Também o Bloco de Esquerda (BE) considerou esta medida "absolutamente injustificável e inadmissível" para os utentes.

A deputada do BE Ana Drago disse que a actualização das taxas é "quase ultrajante", salientando que no caso das urgências nos hospitais centrais e Instituto Português de Oncologia (IPO) a subida é de 23 por cento, "quase dez vezes a inflação prevista para este ano".

Para o CDS-PP, o aumento das taxas moderadoras é inconstitucional e injusto, considerando que este "penaliza de igual modo os utentes com mais e menos recursos dentro da classe média".

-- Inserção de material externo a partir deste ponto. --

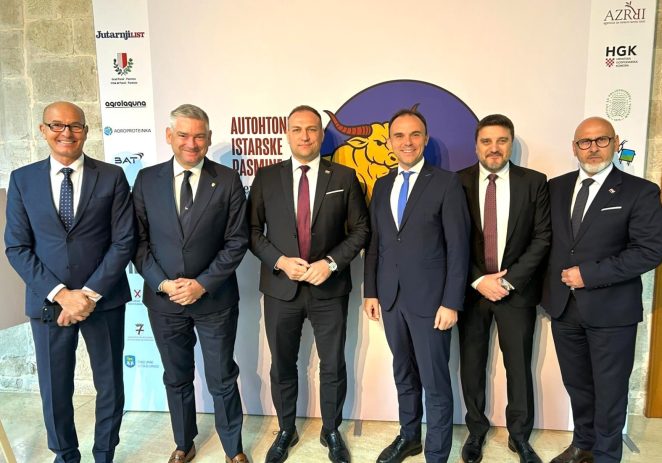 U organizaciji Agencije za ruralni razvoj Istre (AZRRI) i Jutarnjeg lista u Istarskoj sabornici u Poreču održana konferencija o autohtonim istarskim pasminama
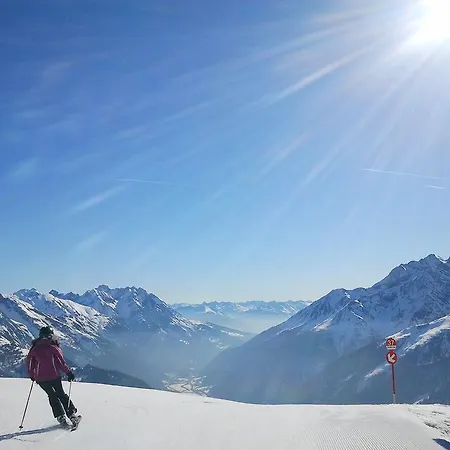 ゲストハウス Haus Vasul 3*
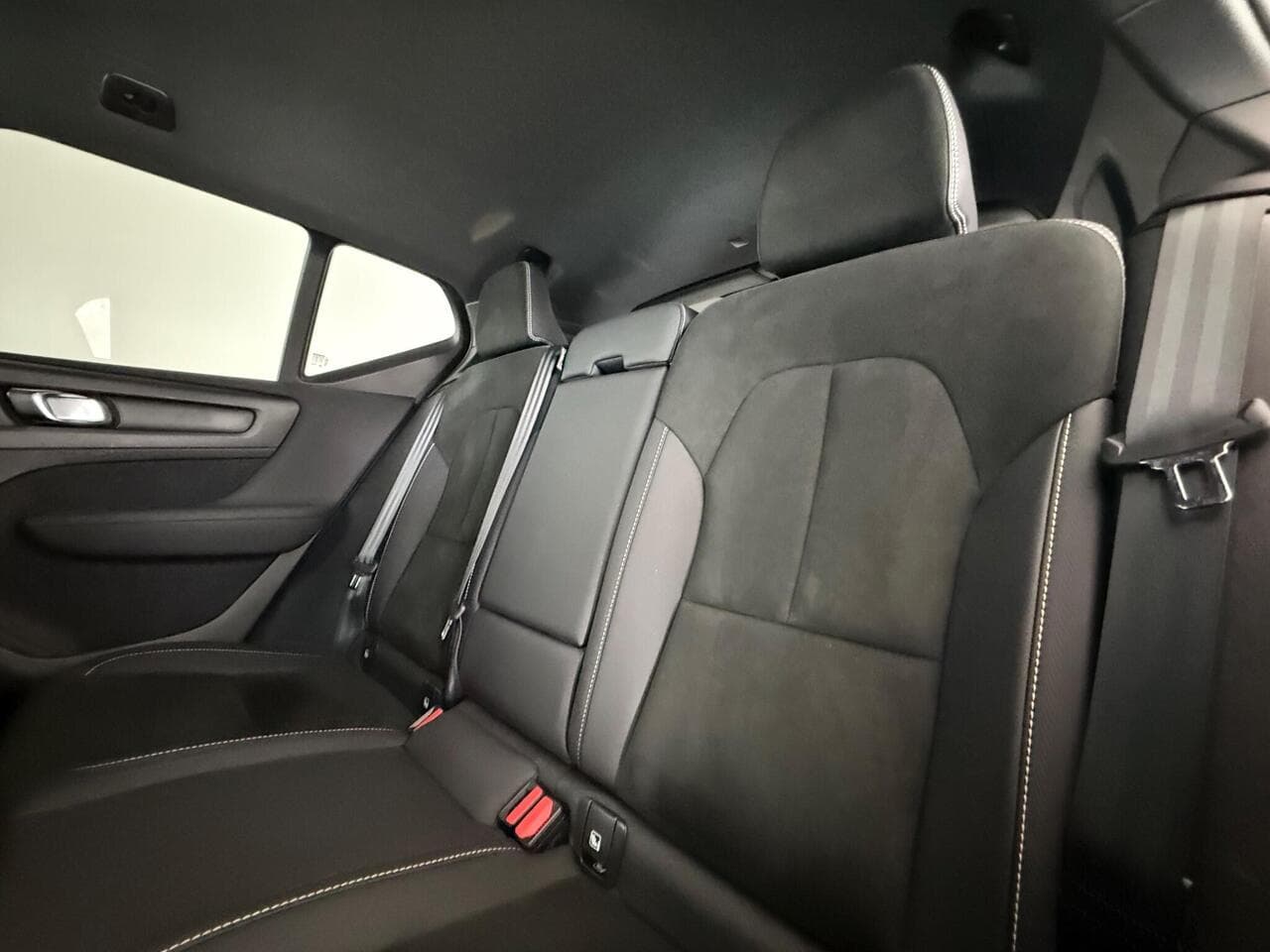 VOLVO XC40 thumbnail Seats Rear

"A nossa Constituição proíbe expressamente que, num sistema em que os serviços públicos de saúde são tendencialmente gratuitos, seja a população a pagar esse mesmo serviço", defendeu a deputada do CDS-PP Teresa Caeiro.

O Movimento dos Utentes dos Serviços Públicos (MUSP) e o Movimento dos Utentes da Saúde (MUS) consideram o aumento "incompreensível" e "exagerado".

"Defendemos que as taxas moderadoras deviam ser eliminadas, tendo em conta que não atingiram o objectivo para que foram propostas, de evitar que as pessoas recorressem aos serviços de urgência dos hospitais", afirmou Carlos Braga, do MUSP.

Esta opinião é partilhada por Santos Cardoso, do MUS. "Este aumento é incompreensível e injusto e não vai resolver o problema dos hospitais, mas antes dificultar o acesso das pessoas à saúde".

Também as duas centrais sindicais, CGTP e UGT, condenaram o aumento das taxas moderadoras, considerando que o que devia ser "tendencialmente gratuito" é "tendencialmente pago".